The “best friend” parenting style of the 80′s gave birth to the “helicopter parent” so prevalent today, and the hovering begins as early as the preschool years. Parents look over homework, help to complete it and sometimes just do it themselves because “it is too much” for Junior, or “he is too busy or tired to do it himself.”
When it comes time for college, they spare no expense and often take out a second mortgage on the family home just so Junior can attend a major university and avoid Community College. Junior lives on campus or at home with Mom and Dad still supplying financially to meet his every need and whim.
Now that college is done, Junior must find gainful employment in an appropriate amount of time, and if Mom and Dad lack the social network to “hook” him up with a job, then by golly they will scrounge the internet, filling out applications for approved companies and positions. Taking tours and sitting in on the interview process, these parents are a strong influence over any decision Junior makes about his employment.
To be a part of this monumental occasion is their given right, isn’t it? After all, they have invested their whole life into Junior and his future.
One interviewer discreetly revealed that if a prospective employee shows up with a parent the interview is still conducted but no matter how qualified the candidate, they are immediately removed from the running. On the flip side, there are some businesses who feel very strongly that by having the family involved, the prospective employee once hired will be a harder worker, knowing that Mom and Dad are supporting them and counting on them to make them proud.
While we have been working the parents over in this situation, perhaps it is time to look at the children and understand their perspective. The Millennial Generation is said to have the closest relationship with their parents than any generation before them.

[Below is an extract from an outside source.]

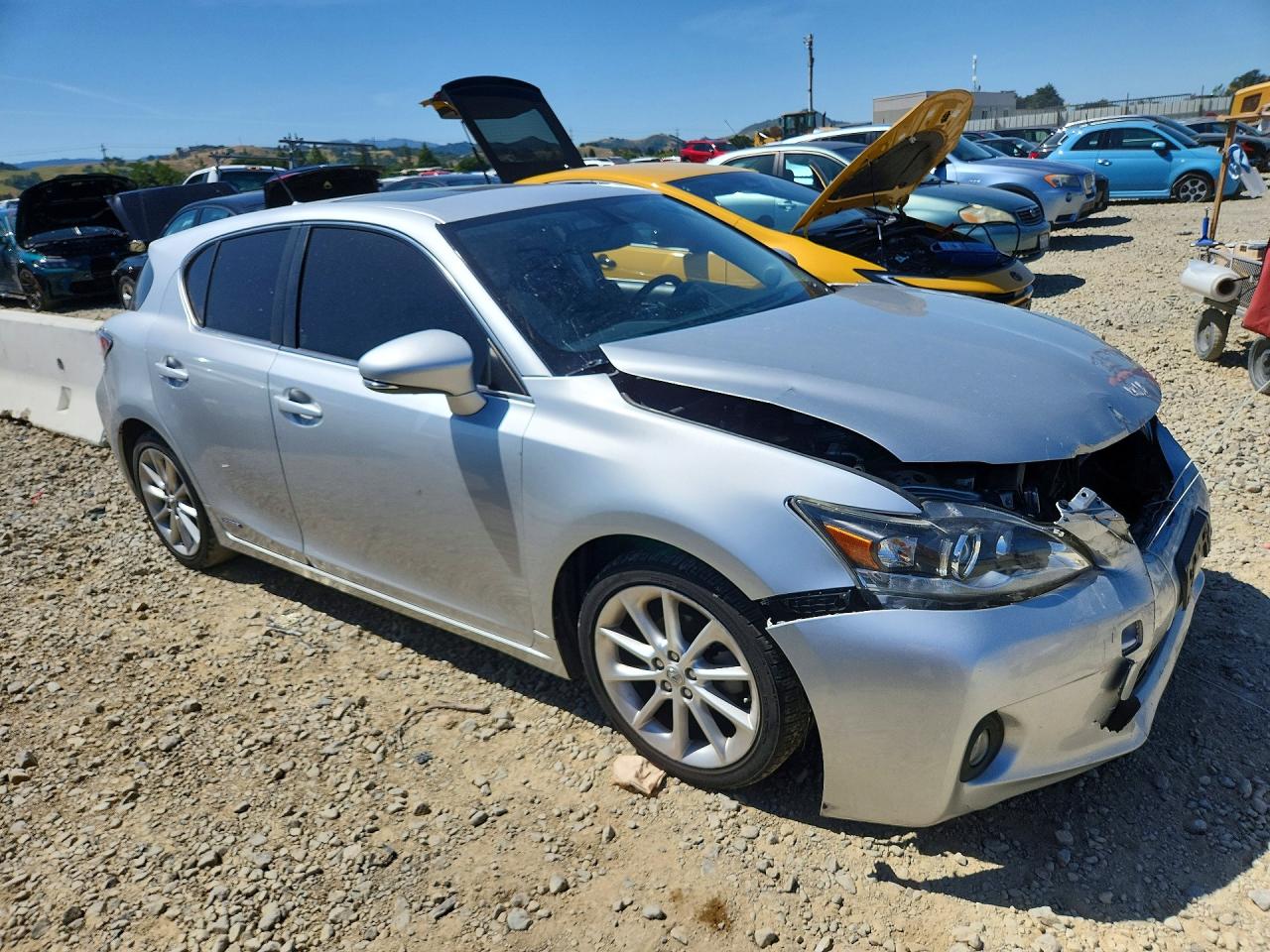 2013 Lexus Ct 200 Silver vin: JTHKD5BHXD2166256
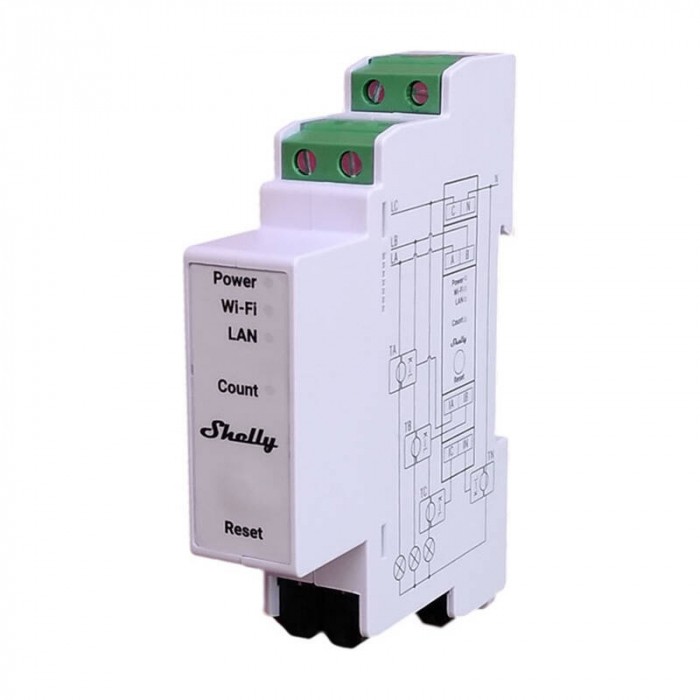 Contor de energie trifazat Shelly PRO 3EM 400A Wi-Fi [2]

It is attributed to parenting styles that include open communication, effective discipline and the amount of personal sacrifice today’s parents are willing to make for the happiness and future of their children.
Young people say they enjoy their parents attending the interview process with them because of their perspective and the fact that their very presence seems to place the interviewer in the hot seat. By changing the dynamics of what normally is a one-on-one interview to a group situation, these young adults are more relaxed and believe they actually interview better.
Given today’s economy and a young adult population with strong parental ties, companies are being forced to learn how best to accommodate each employee’s situation. Some have instituted a “Bring Mom and Dad to Work” day, while others allow parents to attend corporate functions, like company picnics and dinners.
Where will it stop?
In some families it doesn’t. There are cases of parents going along on their newly married children’s honeymoons, and of course we are all too familiar with stories of the over involved mother-in-law or grandparents.
Years ago, “helicopter parenting” was called meddling and it just boggles the mind to believe that it is now becoming an accepted practice. I am all for positive parenting and close relationships within a family, but the point of raising children is to give them the resources and opportunities to grow and eventually be able to provide for themselves and perhaps a family of their own; so that they can be happy as adults and contribute to society in a positive way.
In other words; feed, nurture and release; for this is the cycle of life.